Look for these fields in usage:

cache_creation_input_tokens — tokens written to cache on this request.
cache_read_input_tokens — tokens read from cache on subsequent requests.

Known limitation

Top-level cache_control is not currently forwarded by LiteLLM’s Anthropic TypedDict layer. Use block-level cache_control instead.

If your client requires an Anthropic beta header for prompt caching, use a header value supported by your target model.
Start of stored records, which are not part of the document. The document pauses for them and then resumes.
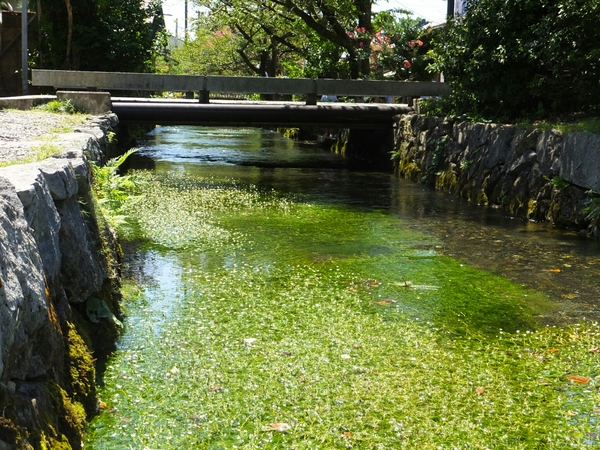 ����E�n����̔~�ԑ�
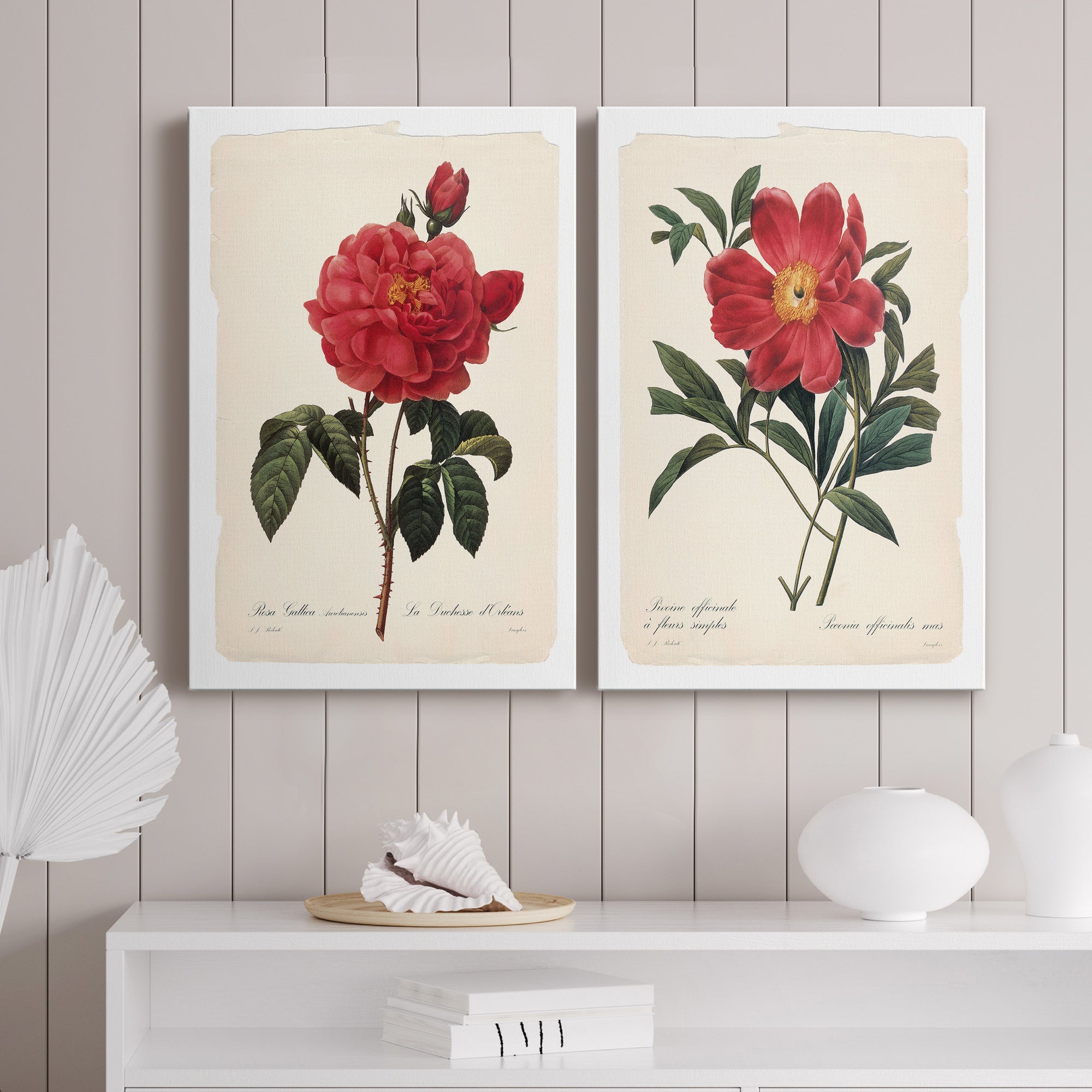 Red Botanical III Premium Gallery Wrapped Canvas - Ready to Hang - Set of 2 - 8 x 12 Each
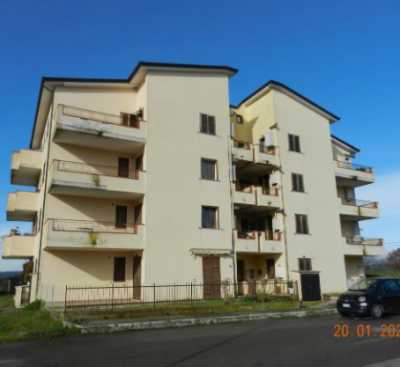 Appartamento in Vendita a Cinigiano Localeta Borgo Santa Rita Snc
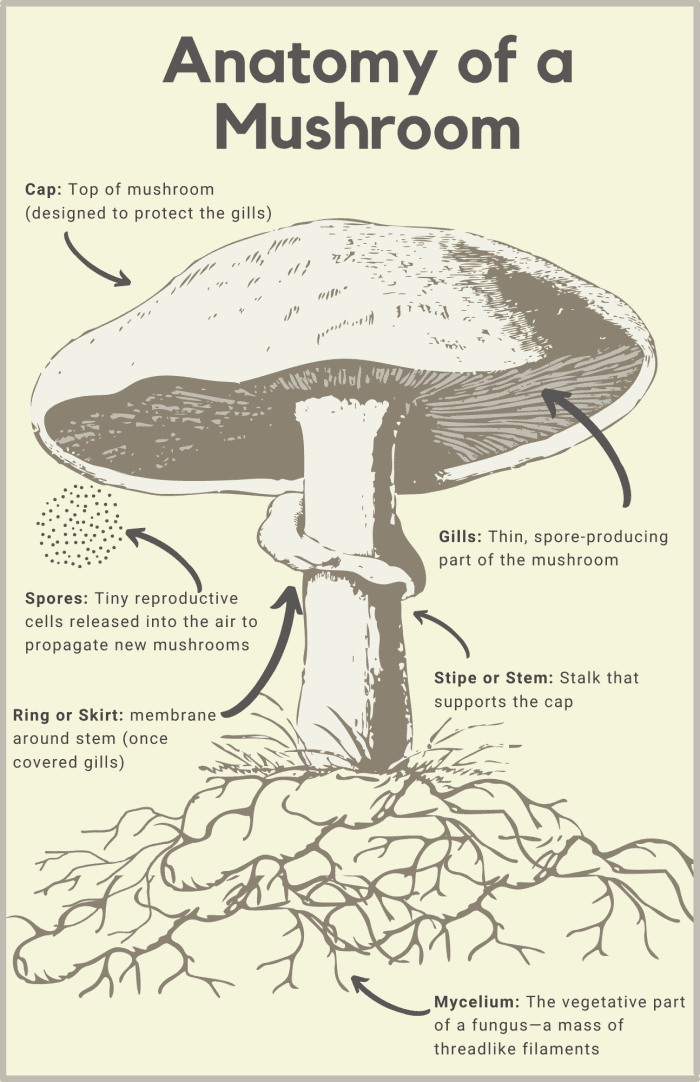 Whether they're feeding the grass or decomposing its clippings, mushrooms help keep your yard healthy.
Internal end-to-end verification confirmed anthropic-beta: prompt-caching-2024-07-31 works with Kindo’s proxy.

`count_tokens`

POST /v1/messages/count_tokens counts tokens for a Messages request without generating a completion.

curl https://api.kindo.ai/v1/messages/count_tokens \
  -H "Content-Type: application/json" \
  -H "Authorization: Bearer $KINDO_API_KEY" \
  -H "anthropic-version: 2023-06-01" \
  -d '{
    "model": "claude-sonnet-4-5-20250929",
    "system": "You are a concise assistant.",
    "messages": [
      { "role": "user", "content": "Summarize the principle of least privilege." }
    ]
  }'

Field	Required for `count_tokens`	Notes
`model`	Yes
`messages`	Yes
`max_tokens`	Optional
`stream`	Not supported	Omit it or set it to `false`.

Response:

{ "input_tokens": 20 }

Kindo extension fields

/v1/messages is stock Anthropic — Kindo does not accept a kindo request block on this surface. Kindo’s opt-in extensions (curated system prompt, hosted tools, stateful conversations) are available on /v1/responses; see the Chat Actions guide.